Au gré d’une connexion internet instable, il raconte « un cauchemar qu’il pensait ne voir exister que dans la fiction », « la pire période depuis le 7-Octobre », la réalité de la faim extrême. Une famine que les porte-parole du gouvernement israélien balaient d’un « Il n’y a pas de famine à Gaza » dans les médias internationaux.
Un rire sarcastique le traverse quand on évoque les quelques camions qui entrent dans l’enclave depuis que le premier ministre israélien, Benyamin Nétanyahou, et son gouvernement, de peur de perdre le soutien des États-Unis, ont annoncé lundi 19 mai une reprise extrêmement limitée de l’aide humanitaire.
Trois cents camions seraient entrés depuis lors dans Gaza, selon les autorités israéliennes. « C’est une goutte d’eau dans un océan de souffrances et un énorme mensonge d’Israël au monde entier de faire croire que la nourriture est de retour alors que c’est faux, s’indigne Mohammed Abu Mughaisseb. Il faudrait mille camions chaque jour pour éloigner la famine. Les denrées vitales sont aux portes de Gaza mais Israël les bloque délibérément pour nous tuer. Nous manquons de tout, de nourriture, d’eau potable, de médicaments, de carburant. »
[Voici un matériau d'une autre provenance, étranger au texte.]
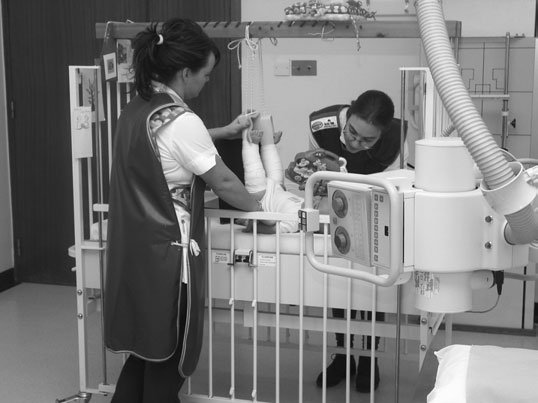 12 Fractură de femur — pediatrică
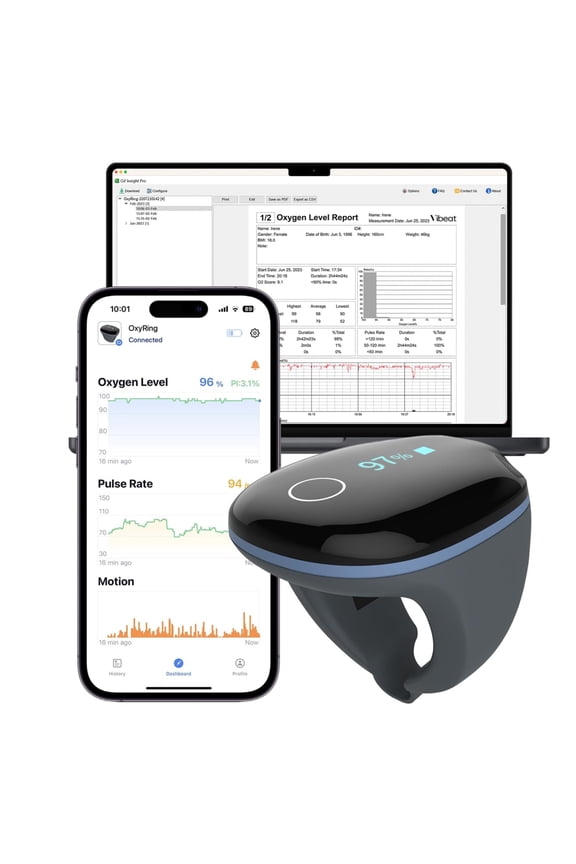 O2Ring Continuous Oxygen Monitor - Bluetooth Pulse Oximeter with Vibration Reminder & Free PC Report, Wearable Finger Oxygen Meter for Athlete/Fitness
La recherche éperdue de nourriture 


L’humanitaire raconte son parcours du combattant pour trouver de quoi se nourrir dans l’enclave anéantie, où plus de 90 % des habitations ont été détruites selon les Nations unies. « J’ai l’argent mais il n’y a rien à acheter au marché. Il n’y a pas de lait, pas de viande, pas d’œufs, pas de fromage, pas de fruits, pas de légumes. Et les rares produits que l’on trouve sont souvent des conserves et des céréales, qui ne constituent pas vraiment un repas approprié, et ils sont vendus à des prix exorbitants. Un morceau de pain coûte près de 3 dollars et il est mauvais car la farine est souvent avariée. Autrefois, avec un dollar, tu pouvais en acheter dix. Les cuisines et boulangeries qui sauvaient bien des familles se sont arrêtées car il n’y a plus rien à distribuer. »
Les images qui parviennent de Gaza appuient le témoignage de Mohammed Abu Mughaisseb. Ici, des bousculades pour un sac de farine. Là, des visages émaciés d’enfants agonisants dans des hôpitaux, d’autres qui se serrent dans des files d’attente, une casserole à la main, dans l’espoir de repartir avec un repas. Quinze camions du Programme alimentaire mondial (PAM) ont été pillés dans la nuit du jeudi 22 au vendredi 23 mai, a annoncé l’ONU.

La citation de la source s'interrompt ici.